Your task is to repeat the lines below exactly, excluding any pictures they contain.

◆ INFORMATION SHOWN ◆

------------------------

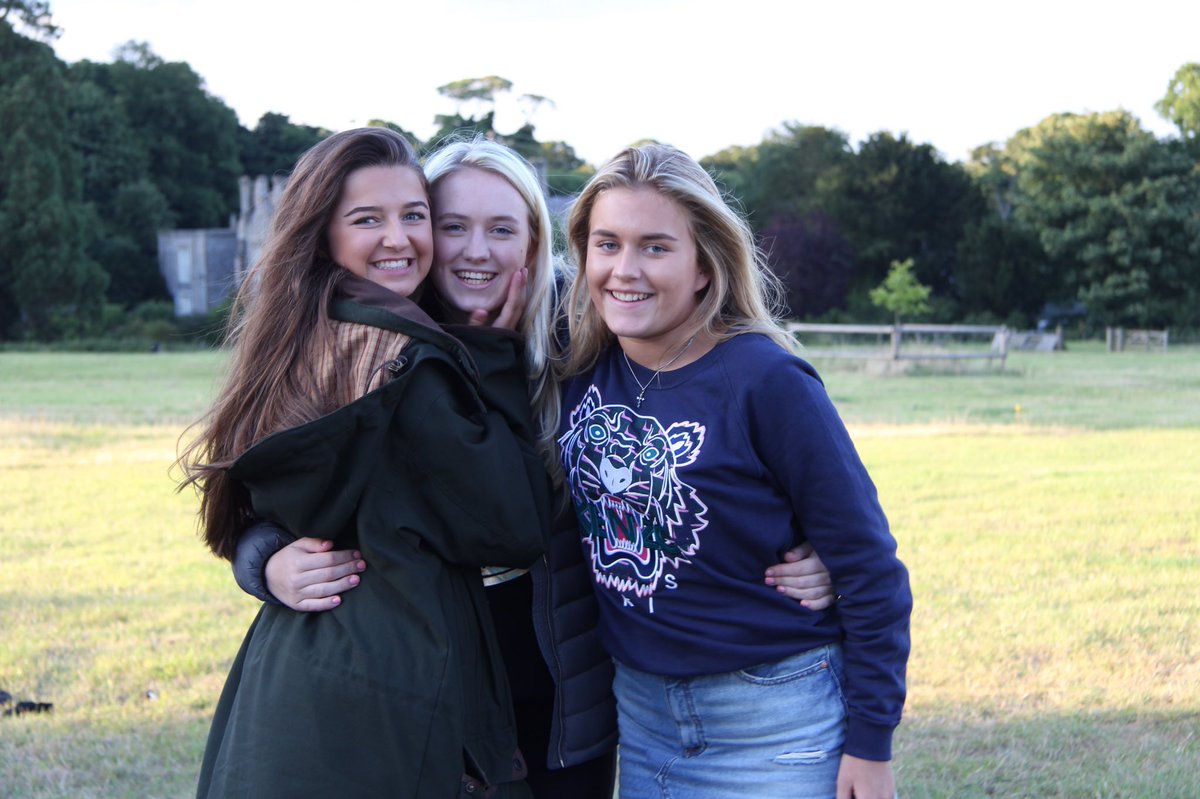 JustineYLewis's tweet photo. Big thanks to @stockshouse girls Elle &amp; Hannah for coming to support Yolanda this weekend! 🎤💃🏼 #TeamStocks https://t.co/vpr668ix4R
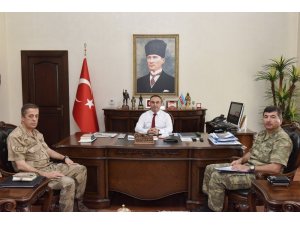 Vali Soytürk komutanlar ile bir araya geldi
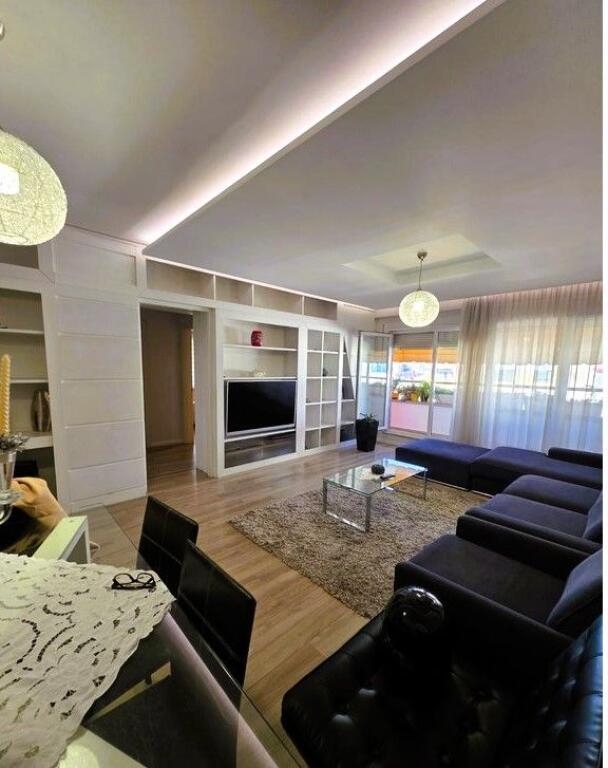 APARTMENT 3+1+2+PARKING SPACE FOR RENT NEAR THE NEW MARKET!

------------------------

◆ FINISHED EXERCISE ◆
 JustineYLewis's tweet photo. Big thanks to @stockshouse girls Elle &amp; Hannah for coming to support Yolanda this weekend! 🎤💃🏼 #TeamStocks https://t.co/vpr668ix4R
 Vali Soytürk komutanlar ile bir araya geldi
 APARTMENT 3+1+2+PARKING SPACE FOR RENT NEAR THE NEW MARKET!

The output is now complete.